In Washington, DC, Harriet pursued the completion of her Masters degree, which she obtained from American University in 1977. She worked as a Mental Health Counselor, and later became certified as a gemologist, operating her jewelry business ”Jacaranda” from her home. Her marriage to Bill Sumerwell thrived for forty years, giving them four more children in addition to the three they shared from their prior marriages. Like Merritt Starr, Bill Sumerwell loved music, the clarinet being his chosen instrument. Also like Merritt, Bill suffered from Rheumatic fever contracted as a child, and died from a sudden heart attack in 1992. Both Bill and Harriet, she passed away in 2011, gave generously to the Arts and Music in Washington DC, as well as organizations promoting mental health and civil rights.

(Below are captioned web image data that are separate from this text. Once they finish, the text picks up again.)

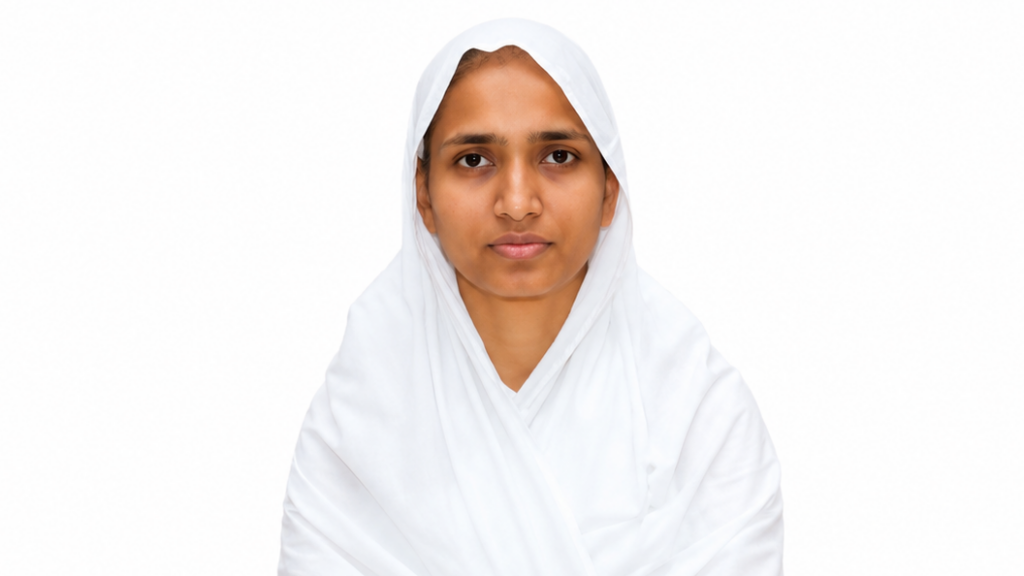 Portrait of a woman wearing a white hijab and white clothing against a plain white background.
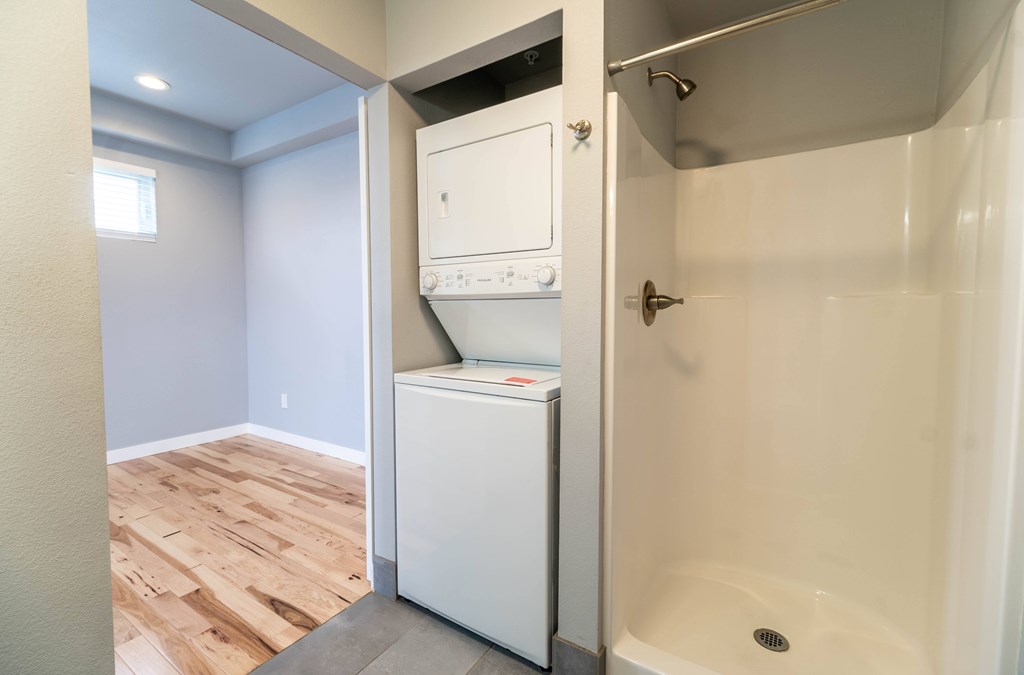 A white dishwasher is in a small bathroom with a walk-in shower.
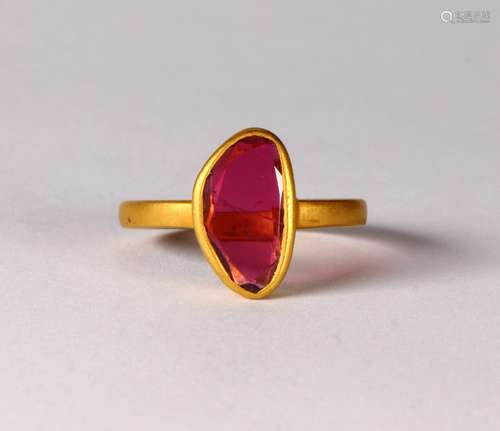 Tourmaline and 18k yellow gold ring Featuring (1) free-form tourmaline, measuring approximately 12.2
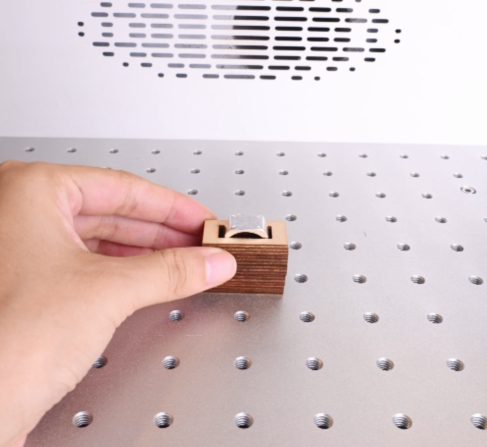 a pictureof putting a silver ring onto the work table of the laser machine.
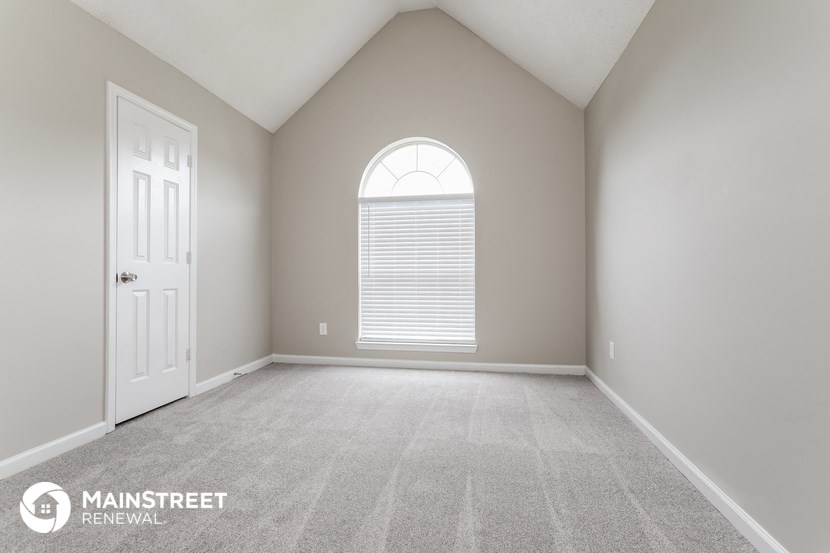 the master bedroom has a large window and carpeted flooring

In 1978 Harriet finally gave up the home on Mercer Island, but never stopped cherishing it and the fond memories it provided. The buyer, William F. Wuerch, planned to immediately sub-divide and develop the property. At that moment, it appeared that the dreams, nurturance and hard work provided by both the Starrs and the Alexanders were all about to come to a tragic end, an ending that would have been deeply painful for Harriet.